Even more troublesome, though, are the visual effects -- which, ironically, is the only element this kind of picture usually gets right, at least in recent years. Most of what ought to have been the movie's best, creepiest sequences are either hampered or outright destroyed by shoddy effects work; I can't join in the general praise for a scene in which New Ripley, who was the eighth attempt in a series, encounters clones #1-7, because the camera lingers on their horrifically distorted flesh for so long that it's impossible not to recognize them as models, and not especially impressive ones. (Some judicious editing might have worked wonders here -- though not in the case of the ludicrous-looking #7, which is perhaps the single lamest effect I've ever seen in a big-budget Hollywood movie.
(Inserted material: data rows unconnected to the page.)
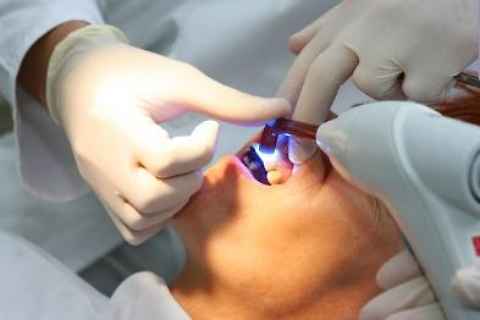 Parodontite-un-solo-dente-se-non-lavato-può-ospitare-1-miliardo-di-batteri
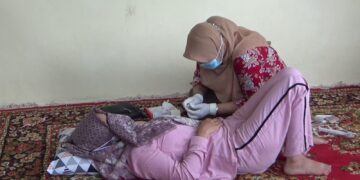 Implan Kontrasepsi “Primadona” di Tabalong 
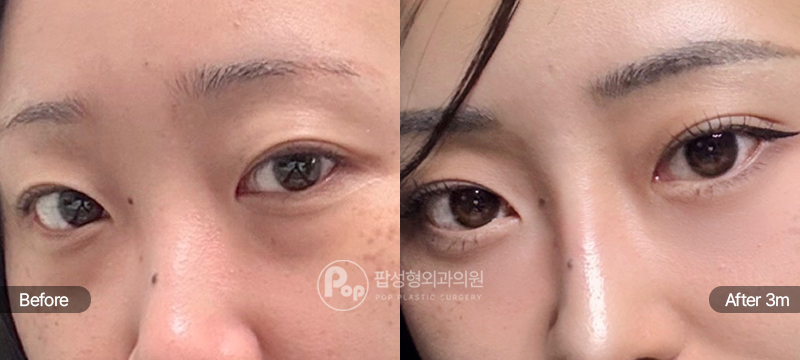 자연유착 + 윗트임 + 눈밑지방재배치 3개월차 경과 이미지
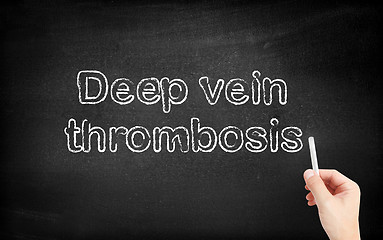 Image showing Deep Vein Thrombosis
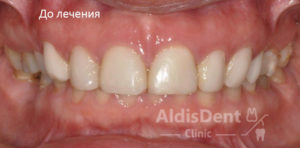 Клинический случай 8. Имплантация, гнатология, ортопедия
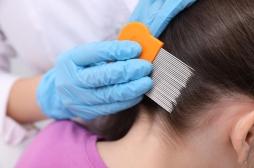 Poux : quels sont les traitements efficaces ? 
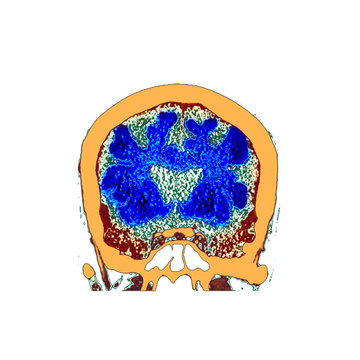 Brain in dementia, CT scan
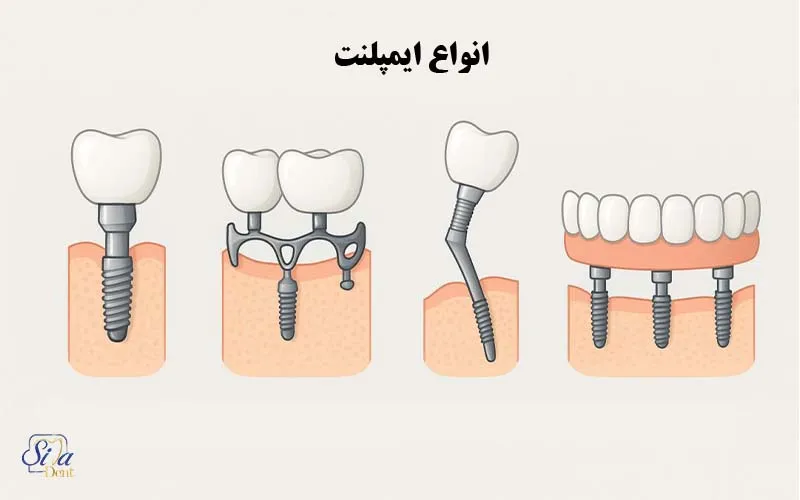 انواع ایمپلنت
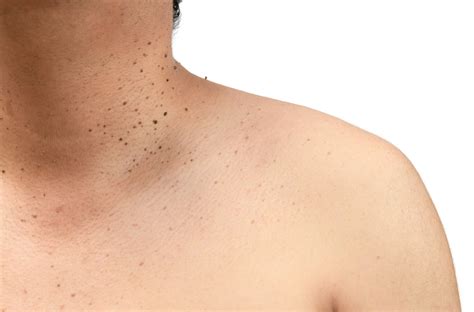 What are Skin Tags? - Mole Removal Orange County
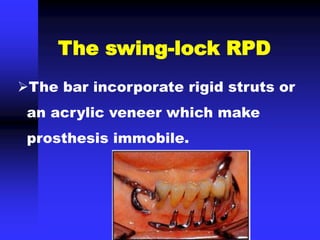 The bar incorporate rigid struts or
an acrylic veneer which make
prosthesis immobile.
The swing-lock RPD
 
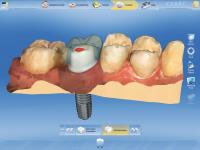 CEREC AC OMNICAM ПРОСТОЕ СКАНИРОВАНИЕ БЕЗ АНТИБЛИКОВОГО СПРЕЯ 19.jpg CEREC AC OMNICAM ПРОСТОЕ СКАНИРОВАНИЕ БЕЗ АНТИБЛИКОВОГО СПРЕЯ 19.jpg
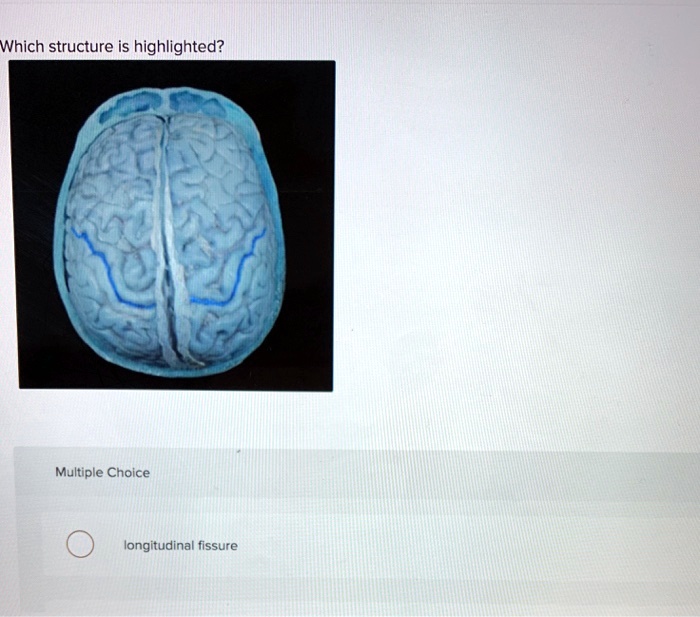 SOLVED Which Structure Is Highlighted Multiple Choice Longitudinal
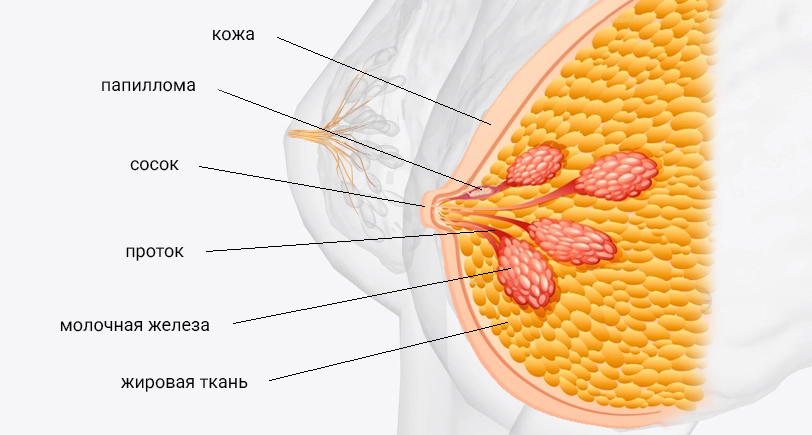 папиллома внутрипротоковая.jpg папиллома внутрипротоковая.jpg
The creature in Basket Case is more believable.) And in the final reel, something that I'll just call Something Else is introduced -- I won't spoil it for you -- in a scene that was clearly intended to be a veritable tsunami of pathos...and might have been, had this Something Else not looked so -- and I apologize, but I can't think of a more eloquent way to phrase this -- unbelievably stupid. The sudden appearance of Elmo the Muppet could not possibly have been more disconcerting. On paper, I'm sure it was devastating, but on celluloid -- at least in this form -- it's simply laughable. (For an example of a similar instance in which this idea was effective, see David Cronenberg's remake of The Fly.)
As a general rule, I counsel people not to read the script before seeing the movie. In this case, I highly recommend that you read the script instead of seeing the movie. As of this writing, it's available here. Let me know how it plays in your imagination, where you can't see how silly it all is.